● Extracted material

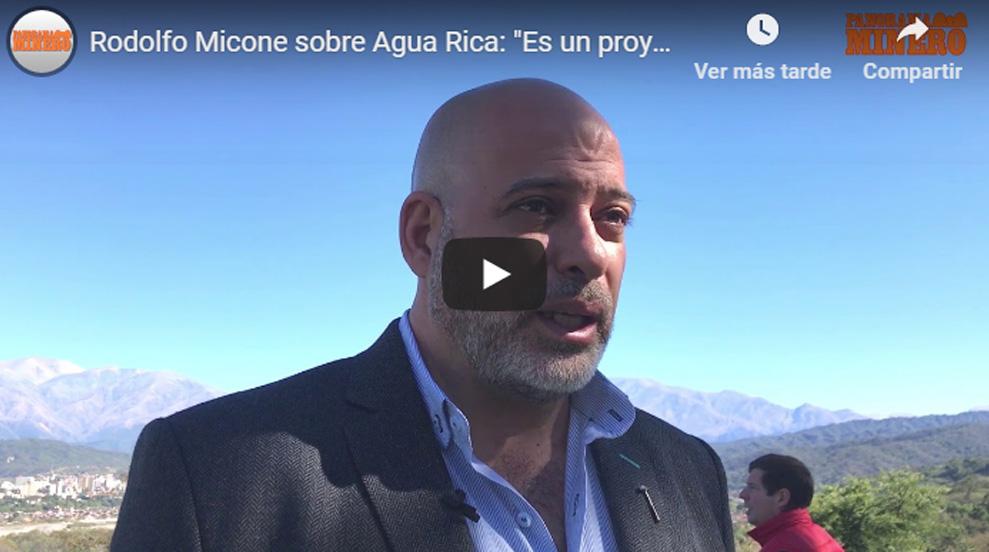 Rodolfo Micone sobre Agua Rica: «Es un proyecto viable y ya se ha firmado un acuerdo de inversión»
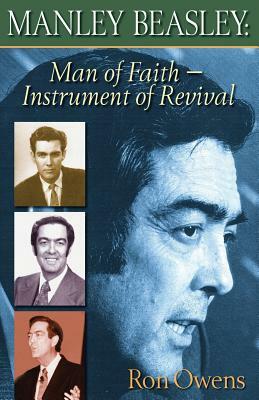 Manley Beasley: Man of Faith - Instrument of Revival by Ron Owens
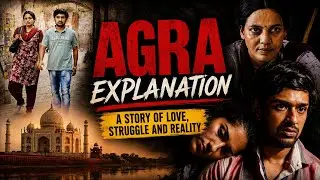 Agra Movie 2024 Explained In Hindi || Agra Movie Ending Explained In Hindi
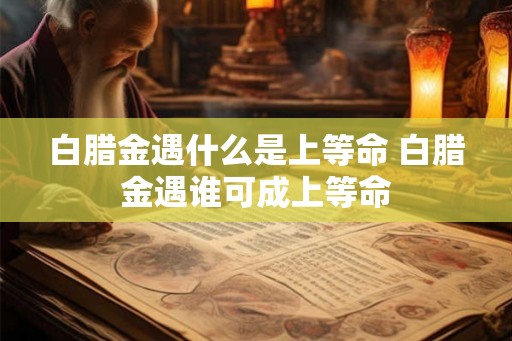 白腊金遇什么是上等命 白腊金遇谁可成上等命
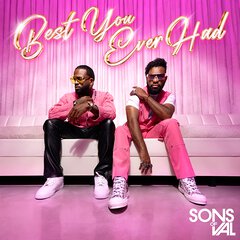 Album art for the POP album BEST YOU EVER HAD by SONS OF VAL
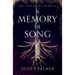 A Memory of Song: First Verse of the Last Ballad
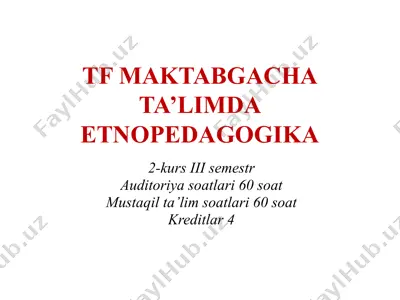 tf maktabgacha ta’limda etnopedagogika — PPTX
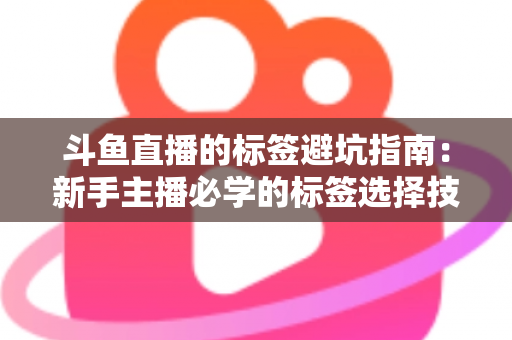 斗鱼直播的标签避坑指南：新手主播必学的标签选择技巧与常见误区全解析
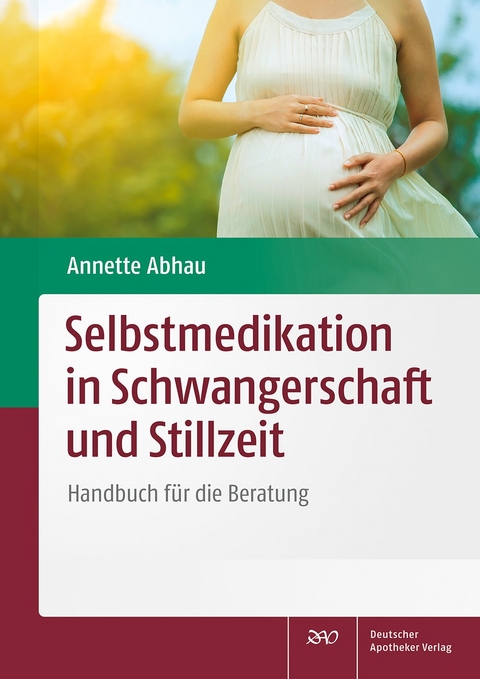 Selbstmedikation in Schwangerschaft und Stillzeit - Annette Abhau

● What to do
Skip the pictures, then return the rest of the data exactly.

● Solved exercise
 Rodolfo Micone sobre Agua Rica: «Es un proyecto viable y ya se ha firmado un acuerdo de inversión»
 Manley Beasley: Man of Faith - Instrument of Revival by Ron Owens
 Agra Movie 2024 Explained In Hindi || Agra Movie Ending Explained In Hindi
 白腊金遇什么是上等命 白腊金遇谁可成上等命
 Album art for the POP album BEST YOU EVER HAD by SONS OF VAL
 A Memory of Song: First Verse of the Last Ballad
 tf maktabgacha ta’limda etnopedagogika — PPTX
 斗鱼直播的标签避坑指南：新手主播必学的标签选择技巧与常见误区全解析
 Selbstmedikation in Schwangerschaft und Stillzeit - Annette Abhau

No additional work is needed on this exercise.